[Beignet] [PATCH 2/3] add clz(count leading zero) utest.
Song, Ruiling
ruiling.song at intel.com
Thu Jan 15 18:28:03 PST 2015
And I checked your unit test again.
So, for a uchar input value 1, the correct clz should be 7, right? Where it should be "OCL_ASSERT(((U*)buf_data[1])[i] == (i+24) );" ? am I misunderstanding your logic?
Also, I am wondering what kind of value LZD will return if the input is a negative number? Will it return 0?

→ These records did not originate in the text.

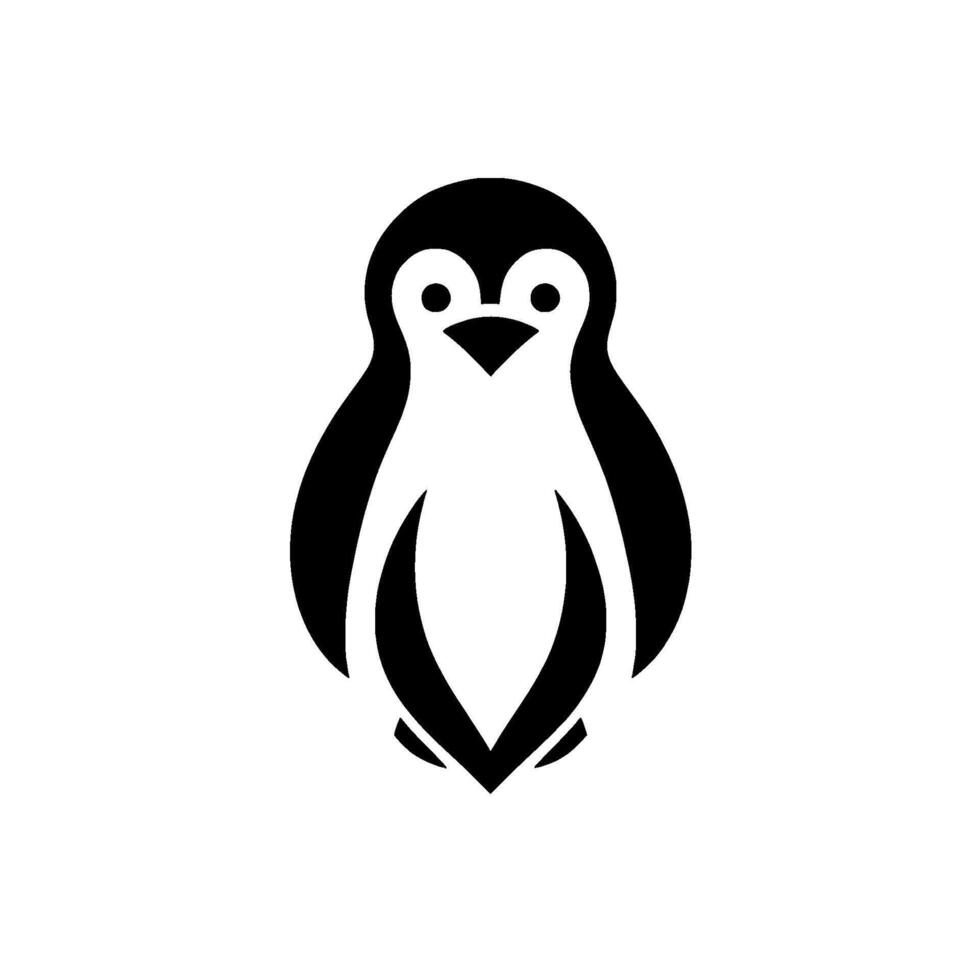 Minimalist black and white penguin in a flat style, standing centrally on a white background, with a cartoonish appearance. vector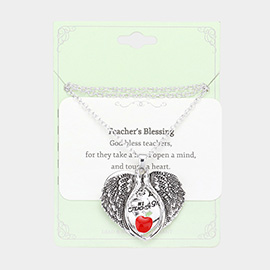 Teacher's Blessing No.1 Teacher Message Enamel Apple Pointed Angel Wings Pendant Necklace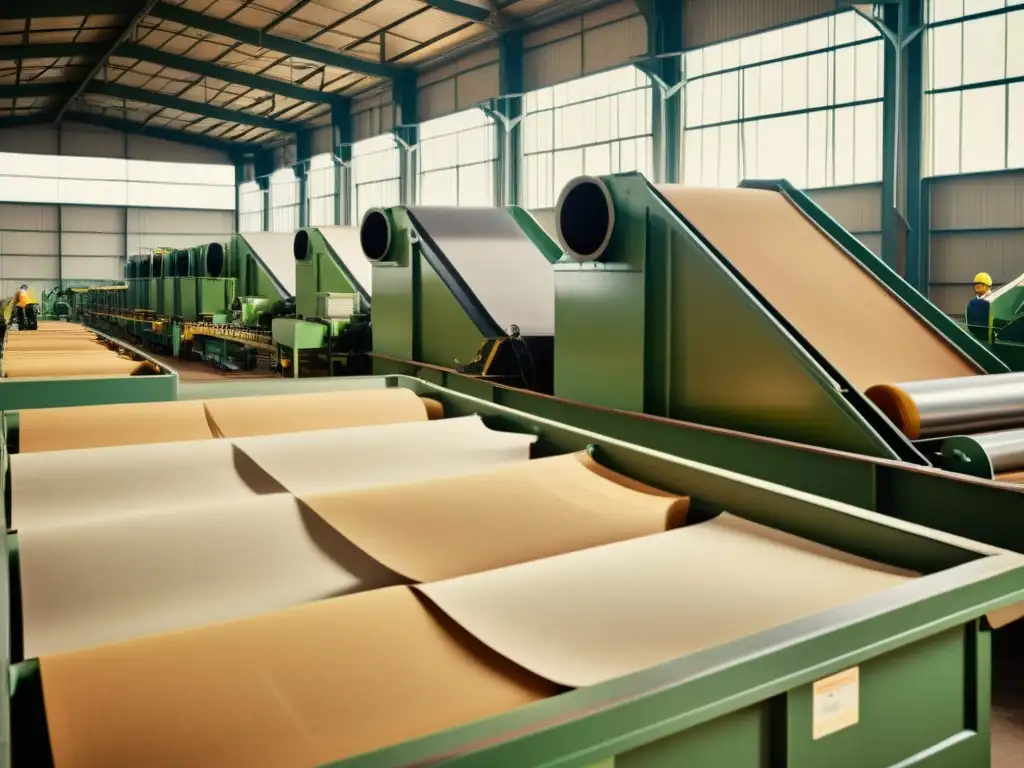 Trabajadores en planta de reciclaje de papel con maquinaria vintage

+ for (uint32_t i = 0; i < n; ++i) {
+ if(sizeof(U) == 1 && i < 8 )
+ OCL_ASSERT(((U*)buf_data[1])[i] == (i+24) );
+ else if(sizeof(U) == 2 && i < 16 )
+ OCL_ASSERT(((U*)buf_data[1])[i] == (i+16) );
+ else if(sizeof(U) == 4 && i < 32 )
+ OCL_ASSERT(((U*)buf_data[1])[i] == i );
+ else if(sizeof(U) == 8 && i < 32 )
+ OCL_ASSERT(((U*)buf_data[1])[i] == 0 );
+ else if(sizeof(U) == 8 && i > 31)
+ OCL_ASSERT(((U*)buf_data[1])[i] == (i-32) ); }
> -----Original Message-----
> From: Luo, Xionghu
> Sent: Thursday, January 15, 2015 5:09 PM
> To: Song, Ruiling; beignet at lists.freedesktop.org
> Subject: RE: [Beignet] [PATCH 2/3] add clz(count leading zero) utest.
>
> Zero is definitely covered as the thread number is 64, all maximum of type
> value will be zero after shifting the size of type bites.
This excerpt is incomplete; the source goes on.